Intervention de Annick Billon

Réunion du 12 mai 2015 à 14h30
Risques inhérents à l'exploitation de l'huître triploïde — Discussion d'une question orale avec débat

Photo de Annick BillonAnnick Billon :

Madame la présidente, monsieur le secrétaire d’État, mes chers collègues, le questionnement sur les risques inhérents à la production d’huîtres dites « triploïdes » a déjà fait l’objet d’un débat dans cet hémicycle, à l’occasion de l’examen d’un de vos amendements, cher collègue Joël Labbé.

Considérées par certains comme une avancée technique permettant la régulation de la production, ces huîtres sont aussi considérées par d’autres comme plus fragiles en raison d’une croissance rapide, facteur d’une mortalité croissante favorisant le risque de contamination et d’appauvrissement des huîtres.
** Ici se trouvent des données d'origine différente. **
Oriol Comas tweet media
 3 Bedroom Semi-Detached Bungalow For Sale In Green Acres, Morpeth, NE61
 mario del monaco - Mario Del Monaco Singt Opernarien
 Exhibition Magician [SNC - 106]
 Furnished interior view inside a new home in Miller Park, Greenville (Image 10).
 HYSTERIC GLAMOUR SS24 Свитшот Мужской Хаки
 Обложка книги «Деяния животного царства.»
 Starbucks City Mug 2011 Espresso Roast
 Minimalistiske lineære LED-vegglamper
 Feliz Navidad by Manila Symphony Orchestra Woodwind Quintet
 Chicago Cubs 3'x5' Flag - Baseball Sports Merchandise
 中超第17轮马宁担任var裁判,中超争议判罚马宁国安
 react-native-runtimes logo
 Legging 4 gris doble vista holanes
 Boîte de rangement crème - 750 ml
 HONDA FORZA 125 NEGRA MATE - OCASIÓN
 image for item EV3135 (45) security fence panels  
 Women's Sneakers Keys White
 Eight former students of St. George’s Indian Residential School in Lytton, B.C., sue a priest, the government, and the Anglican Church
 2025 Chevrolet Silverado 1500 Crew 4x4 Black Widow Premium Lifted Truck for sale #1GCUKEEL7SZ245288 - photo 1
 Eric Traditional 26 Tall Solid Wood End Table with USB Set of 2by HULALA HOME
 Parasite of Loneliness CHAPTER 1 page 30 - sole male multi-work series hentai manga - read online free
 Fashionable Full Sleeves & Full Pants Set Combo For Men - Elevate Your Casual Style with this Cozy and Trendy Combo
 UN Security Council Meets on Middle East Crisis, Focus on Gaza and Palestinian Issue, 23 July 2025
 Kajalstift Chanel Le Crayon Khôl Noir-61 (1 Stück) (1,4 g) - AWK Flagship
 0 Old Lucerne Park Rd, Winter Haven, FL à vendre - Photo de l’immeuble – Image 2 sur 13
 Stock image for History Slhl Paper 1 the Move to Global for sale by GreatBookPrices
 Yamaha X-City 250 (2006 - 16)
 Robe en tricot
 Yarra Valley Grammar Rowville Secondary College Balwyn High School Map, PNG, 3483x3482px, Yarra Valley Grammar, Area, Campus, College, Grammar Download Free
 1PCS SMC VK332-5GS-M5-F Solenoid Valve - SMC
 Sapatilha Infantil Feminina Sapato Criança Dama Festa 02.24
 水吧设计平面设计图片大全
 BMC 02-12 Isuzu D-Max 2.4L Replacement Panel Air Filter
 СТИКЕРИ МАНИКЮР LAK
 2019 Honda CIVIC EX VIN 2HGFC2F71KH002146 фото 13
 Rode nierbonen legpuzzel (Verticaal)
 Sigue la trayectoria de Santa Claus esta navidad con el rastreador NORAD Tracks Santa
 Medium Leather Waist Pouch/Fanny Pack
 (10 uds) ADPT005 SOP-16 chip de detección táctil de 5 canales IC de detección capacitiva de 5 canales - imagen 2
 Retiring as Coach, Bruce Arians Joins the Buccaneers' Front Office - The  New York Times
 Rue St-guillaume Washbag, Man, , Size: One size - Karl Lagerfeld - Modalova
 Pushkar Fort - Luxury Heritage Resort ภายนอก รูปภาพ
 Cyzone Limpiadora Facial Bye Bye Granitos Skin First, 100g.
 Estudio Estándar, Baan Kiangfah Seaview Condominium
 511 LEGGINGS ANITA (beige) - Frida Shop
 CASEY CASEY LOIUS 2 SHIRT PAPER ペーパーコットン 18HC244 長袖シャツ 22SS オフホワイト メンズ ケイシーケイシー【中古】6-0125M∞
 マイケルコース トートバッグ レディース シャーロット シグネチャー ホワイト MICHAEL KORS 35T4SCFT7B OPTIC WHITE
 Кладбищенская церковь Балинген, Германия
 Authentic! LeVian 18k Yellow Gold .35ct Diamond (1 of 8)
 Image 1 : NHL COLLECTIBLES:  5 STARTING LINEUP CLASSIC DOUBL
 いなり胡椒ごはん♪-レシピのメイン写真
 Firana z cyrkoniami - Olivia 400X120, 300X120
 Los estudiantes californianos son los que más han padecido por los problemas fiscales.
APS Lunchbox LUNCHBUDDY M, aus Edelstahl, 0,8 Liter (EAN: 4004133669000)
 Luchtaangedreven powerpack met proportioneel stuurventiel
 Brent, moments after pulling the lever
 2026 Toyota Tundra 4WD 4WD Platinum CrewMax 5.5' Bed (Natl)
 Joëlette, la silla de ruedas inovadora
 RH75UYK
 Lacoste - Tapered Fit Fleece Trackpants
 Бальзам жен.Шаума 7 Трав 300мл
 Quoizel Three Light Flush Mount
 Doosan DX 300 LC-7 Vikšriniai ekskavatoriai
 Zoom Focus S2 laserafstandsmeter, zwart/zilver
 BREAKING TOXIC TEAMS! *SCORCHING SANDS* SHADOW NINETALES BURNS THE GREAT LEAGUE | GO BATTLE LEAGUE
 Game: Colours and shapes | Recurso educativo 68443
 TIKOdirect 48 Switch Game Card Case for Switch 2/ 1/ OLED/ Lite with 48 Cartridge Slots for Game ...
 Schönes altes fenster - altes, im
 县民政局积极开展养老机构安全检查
Je voudrais me livrer à un petit rappel englobant les problématiques de l’ensemble de la filière ostréicole.

Répartie sur sept bassins du littoral, la production d’huîtres s’élève à environ 80 000 tonnes, engendrant un chiffre d’affaires de l’ordre de 345 millions d’euros.

La conchyliculture, à laquelle appartient la filière ostréicole, emploie 18 000 personnes, soit 6 000 équivalents temps plein, auxquels s’ajoutent près de 3 000 chefs d’exploitation et conjoints.

Ce secteur présente de fortes spécificités : forte saisonnalité, caractère à la fois maritime et agricole, importance du travail non salarié, territoires et bassins à fortes spécificités. Le département de la Vendée, dont je suis élue, représente près de 10 % de la production ostréicole. Il est caractérisé par la présence des écloseries les plus importantes du territoire national – quatre sur la dizaine d’écloseries que compte la France, dont le leader national.

La production ostréicole subit des phénomènes de mortalité depuis 2008 qui impactent fortement la production et les ressources des ostréiculteurs, inquiètent le consommateur et concourent de facto à la diminution de la demande.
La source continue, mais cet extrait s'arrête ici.